I met Simon Lever [UK Consul General in Marseilles] as we waited for Peter to come through. I managed to hide any nerves I had from Peter, who was dressed like he was just having a nice day trip to an airport on an aeroplane. But inside I was feeling sick. He handed me the package and I set off back to the car. I put it on the passenger seat, thought about opening it there and then but the car was hot and I wanted to get away from the airport. I drove for maybe half an hour and then pulled into a service station. It was now unbelievably hot. I opened the envelope slowly and then pulled out the diary, put it down again and just stared at it. What I had written in there, or so I felt, had the capacity to deliver vindication or destruction. One bad word, and who knows, for me, for Tony, for the whole bloody government.
When I thought of some of the things I’ve said in there about ministers, about colleagues, about the press, about the BBC. By the time I finally started flicking through it, I was sweating. It was now so hot that even in the shade of a few trees, the sweat was falling down my face. I found the various sections on the dossier. At first glance, it seemed fine, and I started to feel a bit better. There was certainly nothing I could see that would mean I would have to resign straight away. A few bad bits, a bit too colourful in parts, but overall manageable. The best thing was that in terms of all the facts in there, they supported what we had been saying about events.
It then suddenly dawned on me I had made a terrible mistake. I had been so focused on Kelly’s death, which was after all the subject of the inquiry, that I had only got this year’s diary sent out when of course it was last year that the dossier was put together and it was clear from the inquiry team’s letter that was absolutely central. I felt sick all over again. What an idiotic thing to do. As I sat there, feeling a mixture of relief that my cursory flick through had revealed nothing terrible, and anger at my own stupidity in not getting both diaries sent out, the phone went.

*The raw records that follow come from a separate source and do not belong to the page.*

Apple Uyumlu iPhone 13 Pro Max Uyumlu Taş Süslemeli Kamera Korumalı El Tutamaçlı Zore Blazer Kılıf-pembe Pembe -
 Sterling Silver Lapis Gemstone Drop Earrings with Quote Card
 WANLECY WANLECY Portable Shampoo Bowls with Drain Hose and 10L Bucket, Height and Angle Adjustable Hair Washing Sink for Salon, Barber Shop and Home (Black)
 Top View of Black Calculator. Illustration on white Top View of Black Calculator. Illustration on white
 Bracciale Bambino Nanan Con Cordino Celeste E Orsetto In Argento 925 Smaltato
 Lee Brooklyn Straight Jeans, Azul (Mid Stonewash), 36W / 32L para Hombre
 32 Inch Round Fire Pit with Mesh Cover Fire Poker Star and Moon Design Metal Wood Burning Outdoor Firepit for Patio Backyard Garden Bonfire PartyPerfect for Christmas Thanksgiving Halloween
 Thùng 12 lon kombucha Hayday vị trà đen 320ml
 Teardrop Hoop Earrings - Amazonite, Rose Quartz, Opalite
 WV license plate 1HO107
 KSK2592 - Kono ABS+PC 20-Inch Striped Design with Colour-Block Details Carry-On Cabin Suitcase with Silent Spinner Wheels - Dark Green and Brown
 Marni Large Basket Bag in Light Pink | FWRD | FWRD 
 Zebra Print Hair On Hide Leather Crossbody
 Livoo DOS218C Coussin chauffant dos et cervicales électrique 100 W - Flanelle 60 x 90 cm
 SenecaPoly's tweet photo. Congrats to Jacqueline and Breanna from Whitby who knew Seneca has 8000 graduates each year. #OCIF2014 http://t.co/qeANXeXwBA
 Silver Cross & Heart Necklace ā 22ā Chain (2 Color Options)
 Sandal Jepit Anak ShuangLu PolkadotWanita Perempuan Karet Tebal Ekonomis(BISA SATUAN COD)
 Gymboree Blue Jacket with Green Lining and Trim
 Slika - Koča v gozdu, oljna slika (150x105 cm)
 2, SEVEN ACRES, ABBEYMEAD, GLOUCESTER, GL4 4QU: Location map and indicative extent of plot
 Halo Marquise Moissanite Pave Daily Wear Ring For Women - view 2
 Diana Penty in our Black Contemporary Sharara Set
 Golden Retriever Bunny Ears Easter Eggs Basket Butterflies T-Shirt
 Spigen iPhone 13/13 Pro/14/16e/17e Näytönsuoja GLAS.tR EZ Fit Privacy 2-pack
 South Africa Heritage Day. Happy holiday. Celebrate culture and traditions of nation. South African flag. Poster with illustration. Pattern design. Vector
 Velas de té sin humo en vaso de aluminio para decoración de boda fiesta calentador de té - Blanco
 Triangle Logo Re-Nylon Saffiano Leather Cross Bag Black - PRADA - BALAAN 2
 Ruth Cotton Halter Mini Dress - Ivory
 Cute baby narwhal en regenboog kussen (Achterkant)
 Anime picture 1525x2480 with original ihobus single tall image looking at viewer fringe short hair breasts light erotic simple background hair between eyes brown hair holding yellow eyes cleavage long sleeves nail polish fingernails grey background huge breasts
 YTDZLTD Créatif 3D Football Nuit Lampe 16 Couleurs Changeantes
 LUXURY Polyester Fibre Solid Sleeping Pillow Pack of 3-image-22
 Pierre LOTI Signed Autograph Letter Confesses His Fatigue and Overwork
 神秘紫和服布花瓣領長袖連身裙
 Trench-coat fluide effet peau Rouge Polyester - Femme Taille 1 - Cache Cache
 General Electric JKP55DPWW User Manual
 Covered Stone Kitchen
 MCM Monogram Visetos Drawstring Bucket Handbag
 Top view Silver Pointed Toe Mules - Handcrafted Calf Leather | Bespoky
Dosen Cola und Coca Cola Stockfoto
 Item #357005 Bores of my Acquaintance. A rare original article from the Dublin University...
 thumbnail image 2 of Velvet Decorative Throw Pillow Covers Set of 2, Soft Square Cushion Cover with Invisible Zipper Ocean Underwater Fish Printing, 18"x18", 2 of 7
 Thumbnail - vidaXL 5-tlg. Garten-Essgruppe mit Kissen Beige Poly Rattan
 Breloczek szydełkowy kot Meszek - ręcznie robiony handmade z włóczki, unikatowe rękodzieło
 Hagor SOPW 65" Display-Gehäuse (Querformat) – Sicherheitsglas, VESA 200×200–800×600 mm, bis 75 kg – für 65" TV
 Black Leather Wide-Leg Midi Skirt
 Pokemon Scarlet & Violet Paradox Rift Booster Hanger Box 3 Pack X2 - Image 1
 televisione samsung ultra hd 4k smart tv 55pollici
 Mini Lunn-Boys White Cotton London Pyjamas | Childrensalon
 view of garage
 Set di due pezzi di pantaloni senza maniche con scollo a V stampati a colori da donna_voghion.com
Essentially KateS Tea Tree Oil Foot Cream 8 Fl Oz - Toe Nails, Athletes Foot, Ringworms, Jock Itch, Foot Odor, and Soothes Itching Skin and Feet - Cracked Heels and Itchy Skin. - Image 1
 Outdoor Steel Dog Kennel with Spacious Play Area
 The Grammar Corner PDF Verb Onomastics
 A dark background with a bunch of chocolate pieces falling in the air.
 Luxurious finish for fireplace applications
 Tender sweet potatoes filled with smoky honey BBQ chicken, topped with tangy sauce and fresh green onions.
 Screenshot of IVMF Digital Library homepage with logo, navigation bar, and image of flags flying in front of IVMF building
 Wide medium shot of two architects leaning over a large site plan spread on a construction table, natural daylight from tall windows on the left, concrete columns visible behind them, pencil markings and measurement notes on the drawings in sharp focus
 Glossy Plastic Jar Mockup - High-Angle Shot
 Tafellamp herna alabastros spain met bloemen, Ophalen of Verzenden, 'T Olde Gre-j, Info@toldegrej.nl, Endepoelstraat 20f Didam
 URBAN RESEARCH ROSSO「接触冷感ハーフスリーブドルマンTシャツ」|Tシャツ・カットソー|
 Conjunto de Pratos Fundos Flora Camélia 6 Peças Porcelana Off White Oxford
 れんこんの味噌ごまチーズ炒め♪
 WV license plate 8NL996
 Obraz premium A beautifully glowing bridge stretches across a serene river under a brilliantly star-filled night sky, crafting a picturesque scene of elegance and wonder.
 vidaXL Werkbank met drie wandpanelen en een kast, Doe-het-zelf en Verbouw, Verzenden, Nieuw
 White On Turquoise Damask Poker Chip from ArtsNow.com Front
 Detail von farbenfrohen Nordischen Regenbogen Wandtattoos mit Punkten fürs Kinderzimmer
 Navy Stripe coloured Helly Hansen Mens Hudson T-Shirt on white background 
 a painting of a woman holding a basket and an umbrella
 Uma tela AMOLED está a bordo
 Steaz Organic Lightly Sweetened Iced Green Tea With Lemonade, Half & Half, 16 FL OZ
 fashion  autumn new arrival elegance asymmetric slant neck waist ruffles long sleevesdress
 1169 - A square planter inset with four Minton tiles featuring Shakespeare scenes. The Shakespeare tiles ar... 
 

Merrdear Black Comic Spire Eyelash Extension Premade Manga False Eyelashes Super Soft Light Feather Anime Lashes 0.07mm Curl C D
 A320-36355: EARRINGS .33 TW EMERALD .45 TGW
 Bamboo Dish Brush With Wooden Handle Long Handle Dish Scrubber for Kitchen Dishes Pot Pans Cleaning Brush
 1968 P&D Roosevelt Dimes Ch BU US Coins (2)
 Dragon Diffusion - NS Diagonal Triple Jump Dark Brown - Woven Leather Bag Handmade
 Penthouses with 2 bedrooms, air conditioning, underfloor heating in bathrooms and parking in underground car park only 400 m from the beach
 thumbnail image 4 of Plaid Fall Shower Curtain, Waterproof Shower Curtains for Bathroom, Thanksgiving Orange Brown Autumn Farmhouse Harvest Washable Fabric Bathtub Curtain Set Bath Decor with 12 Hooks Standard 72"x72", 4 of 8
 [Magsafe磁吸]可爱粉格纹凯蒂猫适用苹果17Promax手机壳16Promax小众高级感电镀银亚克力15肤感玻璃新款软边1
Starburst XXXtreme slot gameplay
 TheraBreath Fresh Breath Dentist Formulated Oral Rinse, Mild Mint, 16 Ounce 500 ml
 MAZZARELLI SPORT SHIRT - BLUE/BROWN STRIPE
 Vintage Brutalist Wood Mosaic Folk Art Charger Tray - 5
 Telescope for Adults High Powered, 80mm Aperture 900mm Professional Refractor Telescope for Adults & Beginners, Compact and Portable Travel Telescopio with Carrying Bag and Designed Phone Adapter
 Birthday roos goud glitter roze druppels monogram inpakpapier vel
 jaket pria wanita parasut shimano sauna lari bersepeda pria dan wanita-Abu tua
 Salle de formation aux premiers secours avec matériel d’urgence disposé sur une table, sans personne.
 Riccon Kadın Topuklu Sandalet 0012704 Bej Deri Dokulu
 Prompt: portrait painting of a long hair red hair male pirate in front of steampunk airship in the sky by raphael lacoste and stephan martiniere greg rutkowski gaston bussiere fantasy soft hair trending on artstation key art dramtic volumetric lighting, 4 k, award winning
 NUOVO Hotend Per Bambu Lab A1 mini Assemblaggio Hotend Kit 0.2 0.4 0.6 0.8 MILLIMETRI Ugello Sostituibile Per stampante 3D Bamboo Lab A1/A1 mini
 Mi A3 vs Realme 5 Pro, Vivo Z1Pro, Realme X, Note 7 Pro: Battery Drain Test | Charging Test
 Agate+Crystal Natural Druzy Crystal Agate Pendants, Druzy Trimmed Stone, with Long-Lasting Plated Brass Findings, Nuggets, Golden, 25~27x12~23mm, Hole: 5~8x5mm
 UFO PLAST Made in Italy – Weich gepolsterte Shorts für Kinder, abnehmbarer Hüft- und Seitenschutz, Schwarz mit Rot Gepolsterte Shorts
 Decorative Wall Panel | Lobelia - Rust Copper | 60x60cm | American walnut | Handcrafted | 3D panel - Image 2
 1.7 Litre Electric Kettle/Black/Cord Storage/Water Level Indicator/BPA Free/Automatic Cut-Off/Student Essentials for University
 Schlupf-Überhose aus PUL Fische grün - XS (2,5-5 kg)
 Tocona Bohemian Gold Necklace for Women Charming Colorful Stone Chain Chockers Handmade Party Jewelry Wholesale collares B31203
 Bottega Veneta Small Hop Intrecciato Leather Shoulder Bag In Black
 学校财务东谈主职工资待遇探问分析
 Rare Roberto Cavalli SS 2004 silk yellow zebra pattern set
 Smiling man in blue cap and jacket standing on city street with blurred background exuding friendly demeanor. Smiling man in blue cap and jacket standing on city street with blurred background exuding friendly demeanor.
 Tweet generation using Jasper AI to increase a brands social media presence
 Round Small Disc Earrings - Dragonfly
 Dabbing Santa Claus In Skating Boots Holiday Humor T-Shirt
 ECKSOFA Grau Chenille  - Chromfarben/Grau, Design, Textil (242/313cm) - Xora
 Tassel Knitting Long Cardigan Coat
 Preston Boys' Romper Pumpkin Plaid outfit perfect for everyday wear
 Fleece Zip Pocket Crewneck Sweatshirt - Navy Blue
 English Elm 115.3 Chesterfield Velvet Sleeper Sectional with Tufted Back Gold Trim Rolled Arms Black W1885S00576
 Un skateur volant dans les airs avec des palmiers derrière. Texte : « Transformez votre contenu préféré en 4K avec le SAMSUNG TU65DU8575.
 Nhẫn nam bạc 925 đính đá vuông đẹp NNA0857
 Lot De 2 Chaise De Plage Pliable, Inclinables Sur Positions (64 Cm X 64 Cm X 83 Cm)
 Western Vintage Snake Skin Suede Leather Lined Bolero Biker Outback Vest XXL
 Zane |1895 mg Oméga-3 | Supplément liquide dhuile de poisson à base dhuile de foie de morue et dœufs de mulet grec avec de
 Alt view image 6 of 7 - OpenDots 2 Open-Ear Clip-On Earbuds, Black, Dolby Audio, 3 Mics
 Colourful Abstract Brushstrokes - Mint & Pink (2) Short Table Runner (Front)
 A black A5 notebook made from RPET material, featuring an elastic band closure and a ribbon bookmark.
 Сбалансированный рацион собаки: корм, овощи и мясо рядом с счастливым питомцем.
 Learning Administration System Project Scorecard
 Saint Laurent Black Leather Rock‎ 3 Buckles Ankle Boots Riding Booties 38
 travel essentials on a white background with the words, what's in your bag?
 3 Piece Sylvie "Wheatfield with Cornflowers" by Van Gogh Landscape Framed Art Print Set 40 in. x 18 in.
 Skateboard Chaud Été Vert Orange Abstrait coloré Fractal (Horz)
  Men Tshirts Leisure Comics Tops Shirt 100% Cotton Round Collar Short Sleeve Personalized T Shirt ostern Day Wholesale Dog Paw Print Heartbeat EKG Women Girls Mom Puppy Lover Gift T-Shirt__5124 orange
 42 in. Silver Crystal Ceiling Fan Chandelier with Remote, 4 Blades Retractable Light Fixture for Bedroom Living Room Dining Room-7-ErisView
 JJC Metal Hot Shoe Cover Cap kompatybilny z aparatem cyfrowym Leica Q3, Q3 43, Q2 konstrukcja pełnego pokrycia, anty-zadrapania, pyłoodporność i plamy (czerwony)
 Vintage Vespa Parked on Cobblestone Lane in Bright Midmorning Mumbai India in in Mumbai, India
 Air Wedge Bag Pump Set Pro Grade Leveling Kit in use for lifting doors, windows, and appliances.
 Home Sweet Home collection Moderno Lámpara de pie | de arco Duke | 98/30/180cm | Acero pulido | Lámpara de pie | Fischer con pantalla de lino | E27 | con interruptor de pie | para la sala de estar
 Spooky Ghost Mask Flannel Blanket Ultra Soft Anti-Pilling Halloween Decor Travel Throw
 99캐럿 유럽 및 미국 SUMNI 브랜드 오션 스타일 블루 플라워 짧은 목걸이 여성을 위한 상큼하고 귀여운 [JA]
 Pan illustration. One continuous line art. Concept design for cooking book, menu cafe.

It was Number 10 with Godric. When I told him what I was doing, he was horrified. He said he thought it was unbelievable that he [Lord Hutton] was asking for my diaries. Like me he saw it as a hostile act. Maybe, he says, it shows he basically buys into the media line on us. Godric was so principled and proper, and a believer in playing fair, that he seemed if anything even more shocked and upset than I was. He made the same point I had – why hasn’t everyone been asked if they keep a diary? But anyway, we were beyond that. He then got more and more anxious as I told him what I was organising on the legal front. He said that he had heard nothing from the Cabinet Office
other than the fact he would have to give evidence. He had had the same conversation I had had with Omand on the day Hutton set out his terms, namely take a bit of a break and see what happens. It was, as Charlie F had also observed, a bit Heath Robinson.
Godric was asking whether I thought he should go back straight away. I could tell that I had ruined his holiday, if it wasn’t already ruined. I got home, and we went out to Villedieu for the evening. Ian [Kennedy] said he really thought I should put my fate in the hands of a good team of lawyers now, stop trying to make all the decisions myself, stop relying on the government or the Cabinet Office. He said Alan was terrific. Sumption was now on board and he described him as having ‘a brain the size of a planet’. I also now had Adam Chapman from the Treasury Solicitor’s Department. After Fiona and the kids had gone to bed, I went back through the diary, read it all more slowly and in more detail. The thought of it all being put before the inquiry did not exactly fill me with joy, but it wasn’t the disaster I feared. I was kicking myself though re not getting 2002 sent out. I wasn’t even sure where it was, so poor old Audrey was going to have to look around the house and we’d have to go through the whole process again.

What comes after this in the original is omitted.